Nicky is slicing baps and placing them at the side of the preparation counter in readiness for the lunchtime rush. Her eyes as round and wide as the upper halves of the bifurcated buns, she scans the kitchen and out into the eating area through the large open hatch. The diner is about two thirds full and people are eating and talking happily and Nicky reflects on the changes in her life. From a former position of power and influence – but with all the attendant stress of being loathed for her attempted decision-making – she now surveys the simplicity of working with ordinary people with ordinary lives eating ordinary food and being content. Nicky feels content too. Life is good, and with Mikey being less and less of a treacherous bastard, she knows it can only get better.

‘I feel good,’ she confides in Mikey. ‘I think we made a wise decision buying this franchise. I know we didn’t have much choice, but we have landed on our feet, haven’t we Mikey? This is a change for the better, don’t you agree?’

Man’s yesterday may ne’re be like his morrow. Nought may endure but mutability,’ Mikey quotes meaningfully, if a little pompously. ‘Shelley,’ he adds. ‘One of the great Romantics. I so wanted all 16 year olds compelled to study our fine Romantic poets whilst at secondary school, but that’s one battle I didn’t win.’

‘It’s a burger culture,’ Nicky quips. ‘But correct me if I am wrong Mikey,’ she seems to suddenly and with surprise intention change tack, ‘weren’t the Romantics a radical movement of writers placing the promotion and celebration of Intuition above Reason? Indeed, a revolutionary celebration of the Imagination? That seems a rather progressive idea for someone like you to be encouraging and supporting.’

Whilst getting on in their new burger partnership, Nicky stills feels the ache of having had to follow in the wake of Mikey’s more sensational time as Education Secretary, causing his notorious problems through legislated dictatorial decisions compared with her problems of flaccid but nonetheless annoying failures.

‘Yes, yes, but they were English,’ Mikey flusters, tousling with the strands of hash browns to make them a whole, fried into their mess of completeness.

‘And wasn’t it Shelley who wrote

Look on my works, ye Mighty, and despair!’
Nothing beside remains. Round the decay
Of that colossal wreck, boundless and bare
The lone and level sands stretch far away

and doesn’t that remind you a little of political failure Mikey?’ Nicky asks, smirking at the sharpness of her planning.

Mikey puts his spatula down on the grill and stares into the hash browns. He seems to be looking for wisdom in the patterns of random coalescence as a popular side-dish for the even more popular Groovy Gove Burger that has proved such a success at their diner. He turns slowly to Nicky.

‘And written in iambic pentameter,’ is all Mikey adds, sounding meaningful again, if pompously again. He turns back to the grill, picks up his spatula, begins transferring the cooked hash browns to warming dishes, and continues to hum,

‘Do do, do do, do do, do do, do do.’

Mikey & Nicky’s Diner

DINER

‘This isn’t what I had hoped for my future role in society.’

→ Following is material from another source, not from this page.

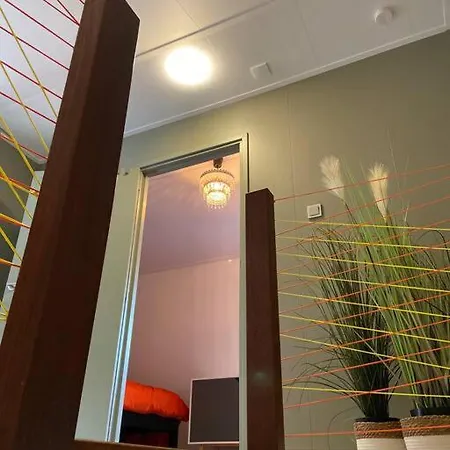 Apartamento Unieke Woonark Met Privetuin En Free Parking. Róterdam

‘I think you need to flip that Mikey.’

‘I said I didn’t expect to be doing this as a job for the future.’

‘I hear you Mikey,’ Nicky says impatiently, ‘but you need to flip that or it’s going to burn on one side.’

‘Like I keep saying, I didn’t expect to be flippin’ burgers for a career.’

‘I know you are no longer in office, but standards are standards, and it’s flipping burgers, not the colloquial contraction. You’ve been away from Education for some time, but please do justice to the rules of grammar, even though we have both come down a peg or two.’

‘Ha, ha, very funny,’ Mikey sneers. ‘I don’t recall you knowing all that much about grammar accuracy in your more recent occupation of the job I made my own. And it’s tragically de rigueur to pun on my more previous role, and it is really a rather banal attempt. As for coming down a peg or two, I think Dante’s Diner occupies a more colossal depth than you imply.’

‘Just flip the fuckin’, I mean fucking burger Mikey.’

Mikey flips the burger and sighs. His white chef’s hat has fallen down the front of his forehead and is resting on his black-rimmed glasses. He is sweating and breathing heavily, lips pursed fish-like as he sucks in and out.

‘Why are we only cooking burgers?’ Mikey asks.

‘It’s a burger diner.’

‘I know, I know. I mean why aren’t we focusing on sausages and meat pies and other proper English food? You know I love this country and wouldn’t dream of providing any of that European rubbish, but why are we concentrating on this American food?’

‘Look Mikey, I know you successfully banned American authors from being studied at GCSE – and don’t I know it, as I kept being reminded, especially by the persistent pesky irate American ex-teacher from Devon, and I knew it was a stupid decision but didn’t feel able to change it, especially as I didn’t feel able to do anything really – but you can’t reasonably ban burgers from a diner’s menu when it is so clearly now the most popular meal in this country too.’

‘Well, I was never a slave to the popular.’

‘No, you weren’t.’

‘What about these yellow aprons?’ Mikey asks.

‘What about them?’

‘Do you think anyone will get the joke?’

‘I should think most people will have seen the pictures of Teresa kneeling before the Queen and walking up the road to number 10. You couldn’t miss hers draped around her backside.’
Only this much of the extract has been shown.